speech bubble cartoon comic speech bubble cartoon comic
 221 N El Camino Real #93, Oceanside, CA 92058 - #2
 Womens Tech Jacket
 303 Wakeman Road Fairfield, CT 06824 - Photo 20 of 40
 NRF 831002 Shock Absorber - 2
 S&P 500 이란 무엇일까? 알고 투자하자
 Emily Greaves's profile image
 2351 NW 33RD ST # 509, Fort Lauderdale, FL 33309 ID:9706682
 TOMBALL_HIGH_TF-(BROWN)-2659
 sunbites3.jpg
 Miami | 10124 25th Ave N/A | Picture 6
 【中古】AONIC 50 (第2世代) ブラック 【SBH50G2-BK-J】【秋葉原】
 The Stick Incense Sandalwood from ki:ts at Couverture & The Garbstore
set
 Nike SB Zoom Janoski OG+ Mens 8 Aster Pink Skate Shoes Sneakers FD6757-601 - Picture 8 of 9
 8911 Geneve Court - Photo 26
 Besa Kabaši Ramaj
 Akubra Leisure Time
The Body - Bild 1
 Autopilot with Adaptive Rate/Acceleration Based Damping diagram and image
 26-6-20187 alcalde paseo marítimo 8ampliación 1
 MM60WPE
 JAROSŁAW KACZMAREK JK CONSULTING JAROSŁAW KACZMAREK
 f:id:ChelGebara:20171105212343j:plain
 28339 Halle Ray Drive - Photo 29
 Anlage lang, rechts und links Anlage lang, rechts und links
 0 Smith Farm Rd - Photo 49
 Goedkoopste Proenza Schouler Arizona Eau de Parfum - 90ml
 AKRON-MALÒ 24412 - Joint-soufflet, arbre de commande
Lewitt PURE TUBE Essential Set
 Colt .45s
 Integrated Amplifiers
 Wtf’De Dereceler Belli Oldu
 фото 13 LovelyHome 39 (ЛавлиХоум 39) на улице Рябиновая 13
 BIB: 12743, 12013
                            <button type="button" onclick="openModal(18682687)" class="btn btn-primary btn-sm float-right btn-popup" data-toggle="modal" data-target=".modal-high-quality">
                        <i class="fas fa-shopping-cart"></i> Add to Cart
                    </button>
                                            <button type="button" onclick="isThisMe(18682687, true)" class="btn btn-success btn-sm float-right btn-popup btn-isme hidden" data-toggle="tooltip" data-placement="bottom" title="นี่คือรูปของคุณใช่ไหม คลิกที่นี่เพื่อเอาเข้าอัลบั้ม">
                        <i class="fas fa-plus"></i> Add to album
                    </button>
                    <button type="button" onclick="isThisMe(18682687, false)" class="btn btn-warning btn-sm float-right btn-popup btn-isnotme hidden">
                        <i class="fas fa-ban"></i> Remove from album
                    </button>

= = = = =

Return each line of the data exactly as it was given.

speech bubble cartoon comic speech bubble cartoon comic
 221 N El Camino Real #93, Oceanside, CA 92058 - #2
 Womens Tech Jacket
 303 Wakeman Road Fairfield, CT 06824 - Photo 20 of 40
 NRF 831002 Shock Absorber - 2
 S&P 500 이란 무엇일까? 알고 투자하자
 Emily Greaves's profile image
 2351 NW 33RD ST # 509, Fort Lauderdale, FL 33309 ID:9706682
 TOMBALL_HIGH_TF-(BROWN)-2659
 sunbites3.jpg
 Miami | 10124 25th Ave N/A | Picture 6
 【中古】AONIC 50 (第2世代) ブラック 【SBH50G2-BK-J】【秋葉原】
 The Stick Incense Sandalwood from ki:ts at Couverture & The Garbstore
set
 Nike SB Zoom Janoski OG+ Mens 8 Aster Pink Skate Shoes Sneakers FD6757-601 - Picture 8 of 9
 8911 Geneve Court - Photo 26
 Besa Kabaši Ramaj
 Akubra Leisure Time
The Body - Bild 1
 Autopilot with Adaptive Rate/Acceleration Based Damping diagram and image
 26-6-20187 alcalde paseo marítimo 8ampliación 1
 MM60WPE
 JAROSŁAW KACZMAREK JK CONSULTING JAROSŁAW KACZMAREK
 f:id:ChelGebara:20171105212343j:plain
 28339 Halle Ray Drive - Photo 29
 Anlage lang, rechts und links Anlage lang, rechts und links
 0 Smith Farm Rd - Photo 49
 Goedkoopste Proenza Schouler Arizona Eau de Parfum - 90ml
 AKRON-MALÒ 24412 - Joint-soufflet, arbre de commande
Lewitt PURE TUBE Essential Set
 Colt .45s
 Integrated Amplifiers
 Wtf’De Dereceler Belli Oldu
 фото 13 LovelyHome 39 (ЛавлиХоум 39) на улице Рябиновая 13
 BIB: 12743, 12013
                            <button type="button" onclick="openModal(18682687)" class="btn btn-primary btn-sm float-right btn-popup" data-toggle="modal" data-target=".modal-high-quality">
                        <i class="fas fa-shopping-cart"></i> Add to Cart
                    </button>
                                            <button type="button" onclick="isThisMe(18682687, true)" class="btn btn-success btn-sm float-right btn-popup btn-isme hidden" data-toggle="tooltip" data-placement="bottom" title="นี่คือรูปของคุณใช่ไหม คลิกที่นี่เพื่อเอาเข้าอัลบั้ม">
                        <i class="fas fa-plus"></i> Add to album
                    </button>
                    <button type="button" onclick="isThisMe(18682687, false)" class="btn btn-warning btn-sm float-right btn-popup btn-isnotme hidden">
                        <i class="fas fa-ban"></i> Remove from album
                    </button>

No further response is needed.